Hypnotic illusions at the Wikileaks Show
There’s a theatrical quality to the publication of the Wikileaks Afghan logs that’s quite at odds with what they contain. You’ll recall that Wikileaks obtained a large number of classified field reports from US forces in Afghanistan and gave three media outlets, the New York Times, Der Spiegel and the Guardian, advanced copies of a small portion of the material, before publishing on Monday.
We’re told that they’re sensational, but this mundane and arcane collection of scraps of information has landed with a thud: it doesn’t really tell us anything we didn’t already know. Yet everyone involved has a role to play, and is hamming it up to the full. The oohs and aahs wouldn’t be out of place at a WWE Smackdown, or a Christmas panto.
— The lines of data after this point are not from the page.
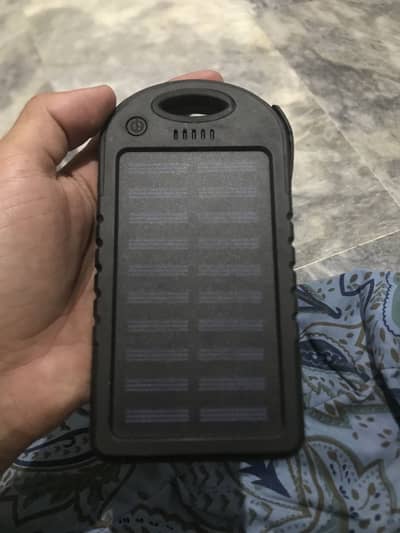 Solar power bank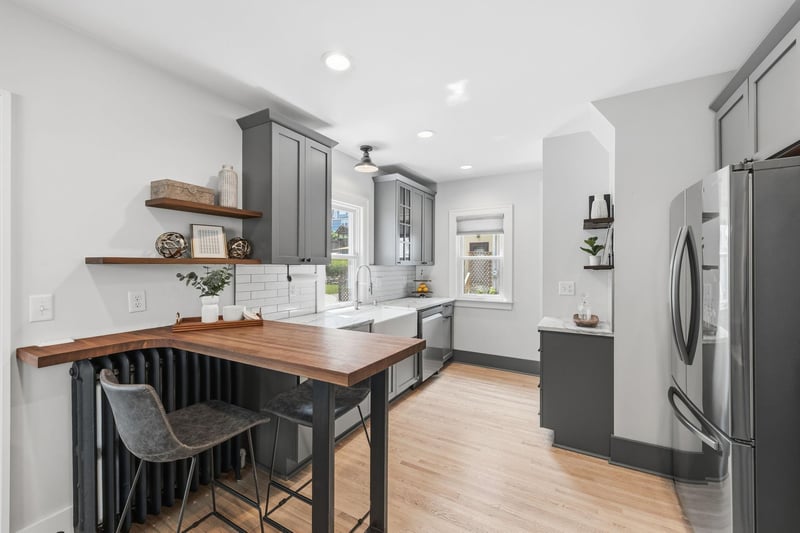 23 W 48th St, Minneapolis, MN 55419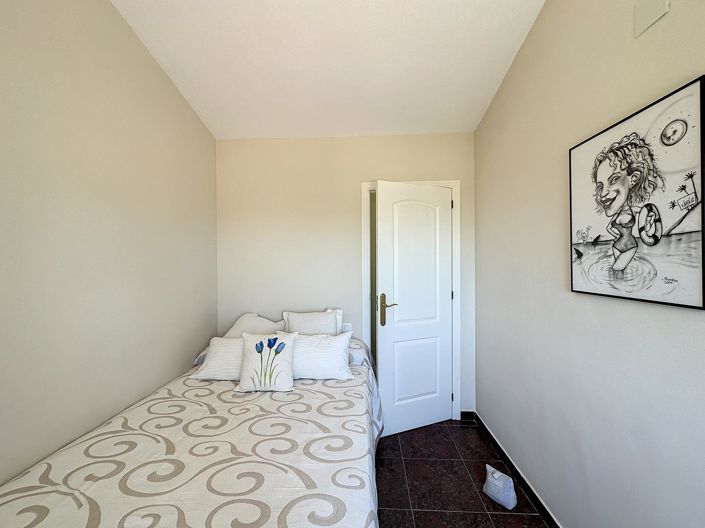 Image No.37-4 Bed Villa for sale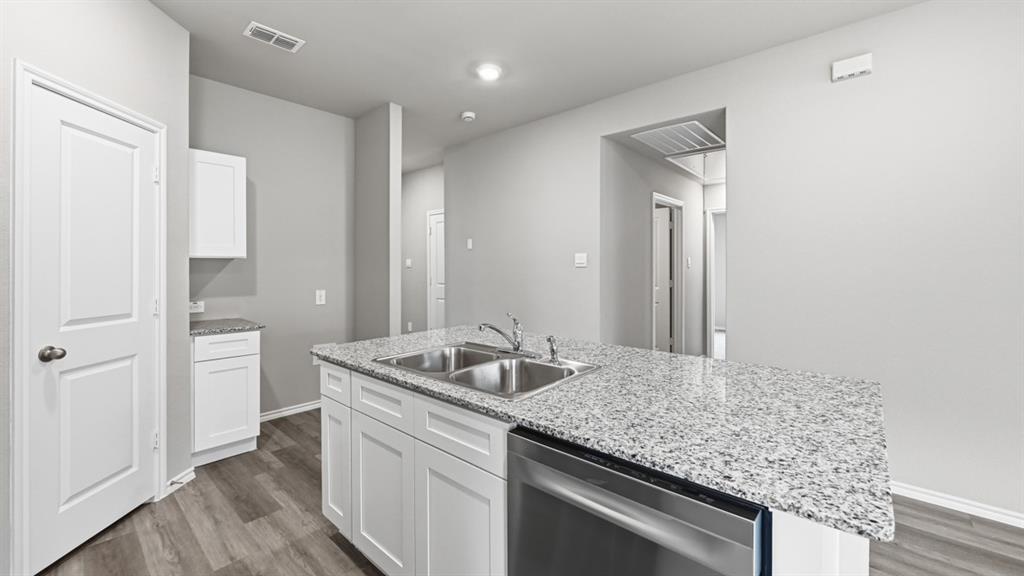 Hickory Grove - Residential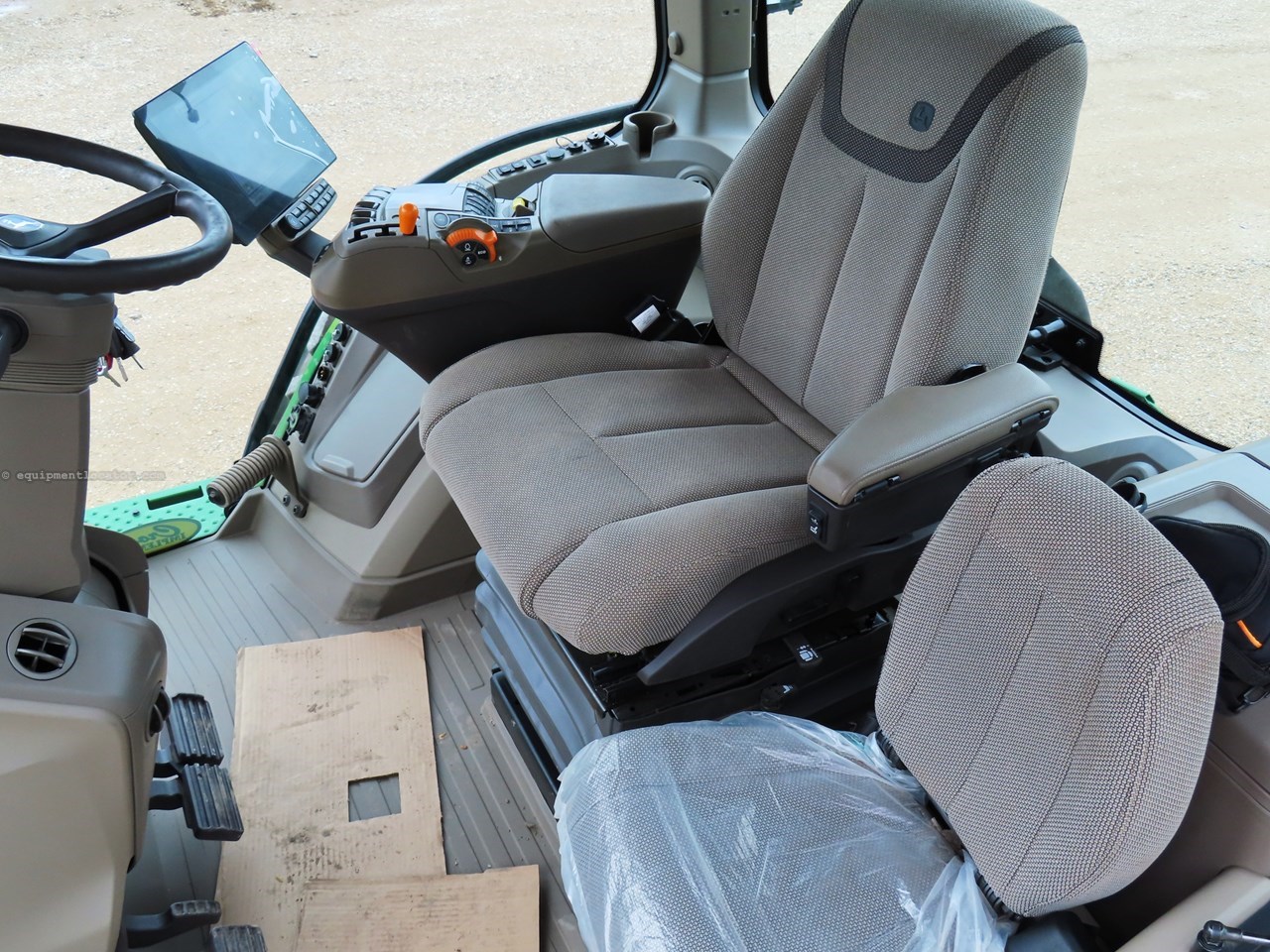 2024 John Deere 8R 280 Image 29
Something feels not quite right here, but what is it?
The star actor and media manipulator is undoubtedly Wikileaks founder Julian Assange himself. Assange plays the part of “master hacker” and “international fugitive” – cliches at home in an airport thriller. But recall that the template is Cryptome, a site operated by New York architect John Young for 15 years. Young doesn’t appear to need Assange’s theatrical garb – such as never staying in the same location for two nights, requiring cryptography, and changing his number and email constantly. Young’s name and address are prominent on his website, and haven’t changed for 15 years. Young has arguably has far more to lose than Assange. So the fugitive role Assange adopts is a lifestyle choice, and not a necessity. Nor does Young feel the need to become part of the story himself: he doesn’t do vanity PR: press conferences or proclamations are not the Cryptome style. On Cryptome, you come and get it. And crucially, you then work out whether it’s genuine or not, and how important it may be.
“Assange is a master at hiding his assets and providing hypnotic illusions,” notes Young.
The Guardian has devoted as much space to how it processed the story, as to the story itself – which is usually a warning bell that the news content might actually be quite thin.